Everyone should be able to relate to the legacy of their ancestors when forming their own personality. Gottfried Böhm came from a family where faith and the architectural craft were passed down through many generations. In an environment of strong personalities, one can gain a lot of experience, but there is also the risk of not stepping out of their shadow. In Gottfried's case, it was his father Dominikus, who was not only the author of dozens of churches but also a professor of sacred art at the university in Cologne. Gottfried Böhm was deeply affected by his experiences during World War II, during which he was wounded on the Russian front. His war injury and subsequent discharge from military duties allowed him to begin studying sculpture and architecture at the Technical University of Munich under Hans Döllgast. After school, he led an architectural office with his father until his death, participating in the reconstruction and construction of eight churches. He spent more than sixty years in a happy marriage with Elisabeth Böhm (née Haggenmüller), and together they raised four sons, three of whom became prominent architects. During the 1960s to the 1980s, he shared his experiences as a professor of urban planning and architectural design with students at the RWTH Aachen University.

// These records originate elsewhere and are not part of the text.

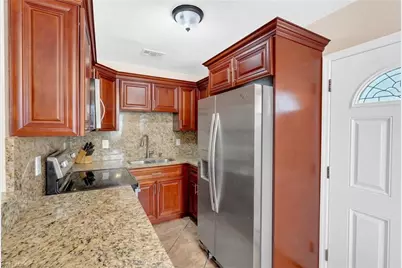 1847 Maple Dr, Fort Myers, FL 33907 - Photo 11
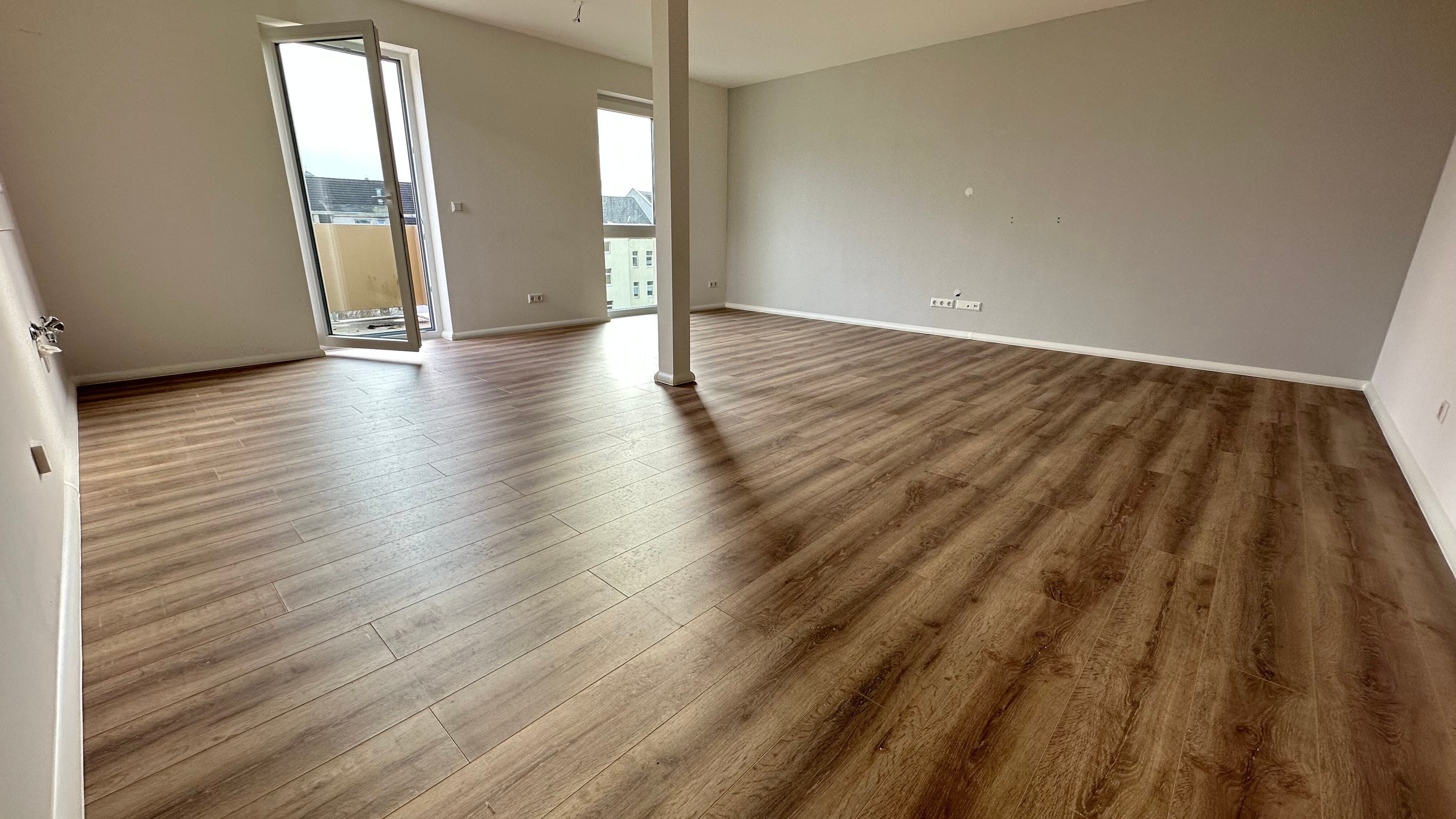 Wohnung zur Miete 825 € 4 Zimmer 100 m²<br/>Wohnfläche 4.<br/>Geschoss 01.03.2025<br/>Verfügbarkeit Kanalstr. 7 Schloßchemnitz 027 Chemnitz 09113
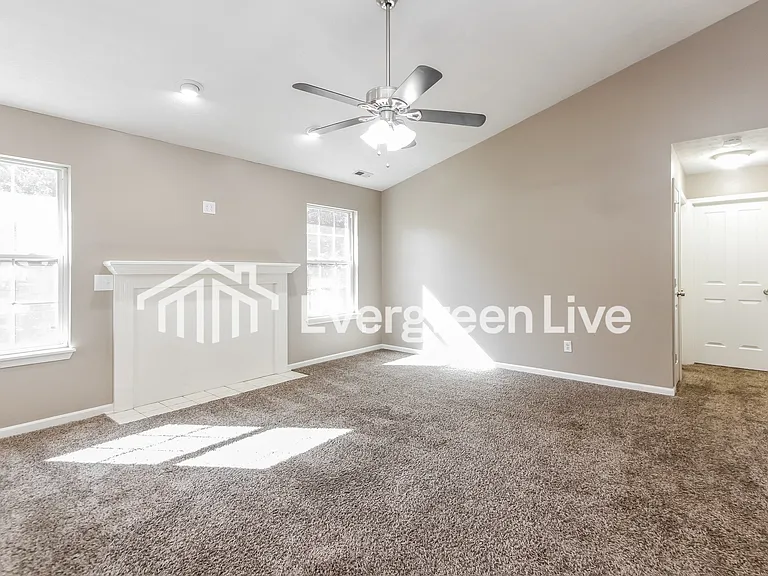 1620 Park Hurst Dr — Photo 3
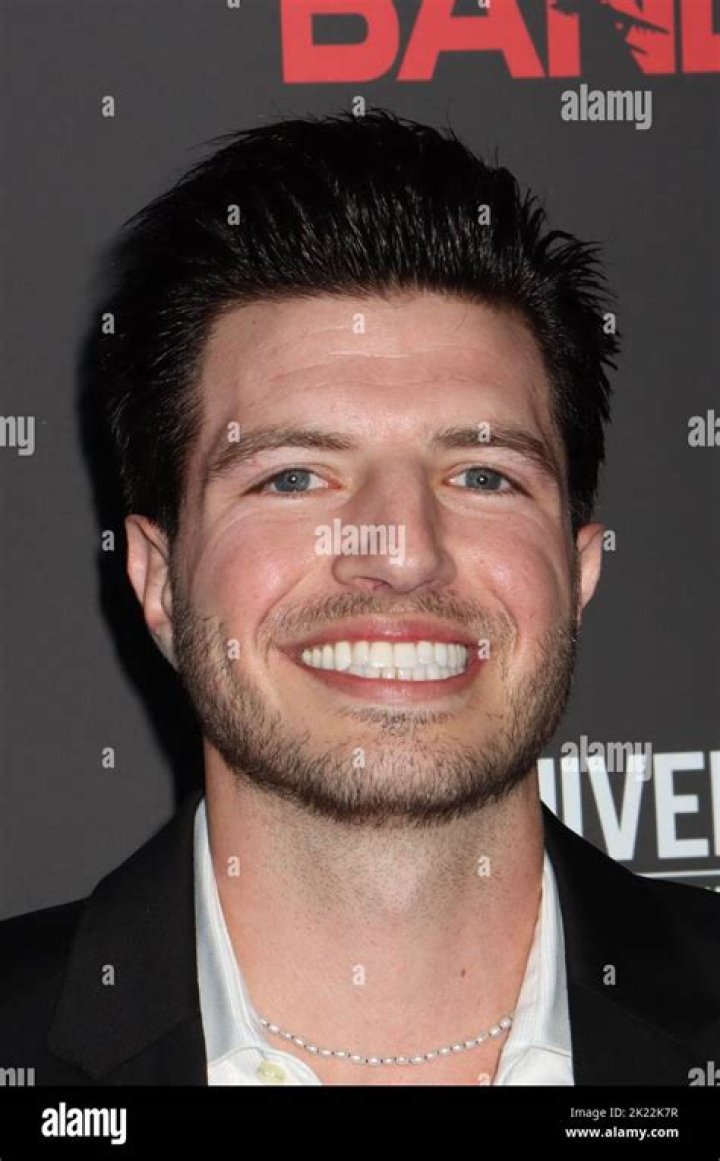 Dylan Flashner Height, Weight, Net Worth, Age, Birthday, Wikipedia, Who, Nationality, Biography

Despite his long teaching career, he was not a proponent of lengthy speeches or theoretical writings. More than sixty realized churches can convey all that is essential, even though their author is no longer with us. Gottfried Böhm was among the last witnesses who actively helped restore the faces of cities in Germany devastated by war. Böhm was very different from his contemporaries. He did not choose the path of modernists, who focused primarily on functional aspects, nor postmodernists, who viewed buildings as distinct objects. Böhm's houses are small towns. With a timeless aesthetic, he created his own universes. His buildings always went deeper and appealed to the inner feelings of visitors, inviting them to have a haptic experience of archaic spaces built from rough materials. When, at the beginning of the 1960s, Böhm was working on the project for the Marian Church in Neviges, he presented his vision to the almost blind Cardinal Joseph Frings through a model. Through the model, the cardinal (and later other believers) could better understand what words fail to express.

On the occasion of Böhm's 100th birthday, the German Architecture Museum (DAM) in Frankfurt am Main organized a comprehensive retrospective exhibition in 2020, accompanied by a rich program commemorating this first German holder of the Pritzker Prize from 1986.